Pinchbottom Burlesque presents Naked Girls Reading Science Fiction boldly reading what no naked girl has read before. This hit nude literary salon will explore strange new worlds of literature at the decadent upstairs lounge at Madame X on Mar. 5. Nasty Canasta leads an all-star cast of burlesque performers – plus one professional librarian – beyond the stars, reading selections from sci-fi classics by Arthur C. Clarke, Aldous Huxley, H.G. Wells, Douglas Adams and more. We have seen the future. The future is naked. The future is now.

The Queen’s Company, NYC’s acclaimed all-female classical theater company presents their gender-bending revival of Susanna Centlivre’s luscious classic comedy of intrigue, The Wonder, playing at the Kirk Theater through Mar. 14. Featuring fiery brothers, amorous Englishmen, lovers in closets, daring getaways, passionate breakups and tearful reconciliations you might think you were watching a BBC sitcom, not a play written in the 1700’s. The story revolves around Isabella, who is on the run from an arranged marriage, and the lengths she and her BBF Violante go to stay away from the man that her tyrannical father has chosen for her.

Valerie Harper stars as Tallulah Bankhead in LOOPED playing now at the Lyceum Theatre. Southern, but by no means a belle, Ms. Bankhead was known for her wild partying and convention-defying exploits that outshone even today’s celebrity bad girls. This hilarious new play revolves around the actress, being called into a sound studio in 1965 to re-record (or "loop") one line of dialogue for what would be her last film. Given her obviously inebriated state along with her inability to loop the line perfectly, what ensues is a hilarious showdown between an uptight and conservative sound editor and the outrageous legend.
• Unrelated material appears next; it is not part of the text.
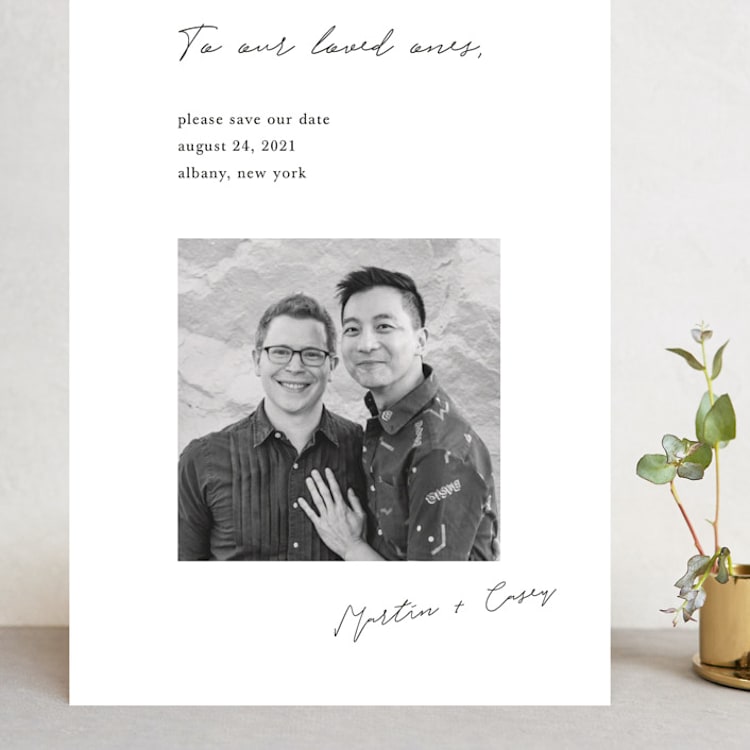 "Written Reminder" - Save the Dates in Tuxedo by Katy Shen - Front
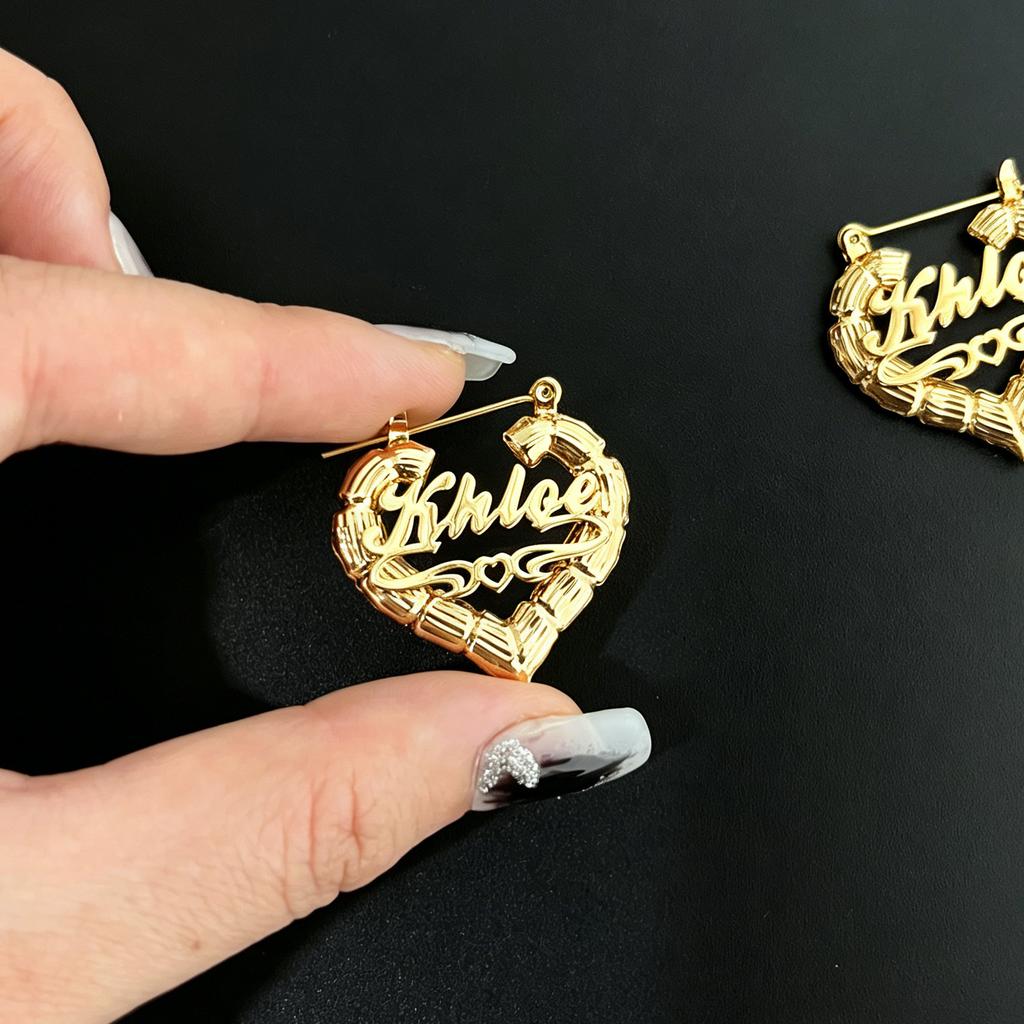 Name Bamboo Hoop Earrings Customized 18K Gold Plated Name Hoops Stainless Steel Jewelry Personalized Gifts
William Gibson’s Tony Award-winning play The Miracle Worker returns to Broadway at the Circle in the Square Theatre this month. Set in Tuscumbia, Alabama in the 1880s, the play tells the story of the young Helen Keller (Abigail Breslin), who became blind and deaf after a childhood illness, and the extraordinary woman, Annie Sullivan (Alison Pill) who taught her to communicate with the world.

The Bronx Academy of Arts & Dance presents BAAD! ASS WOMEN 2010, its annual cultural festival celebrating the empowerment of women through art, culture and performance. The festival opens Mar. 11 with the stirring documentary Antonia Pantoja: Presente!, a celebration of the life of the dynamic founder of the ASPIRA educational program and a quintessential BAAD!Ass Woman. The festival showcases some FIERCE Women Artists in dance, theatre, film and music, including poet & performance artist Sharon Bridgforth, Cherrie Moraga, Camelitz Tropicana and more.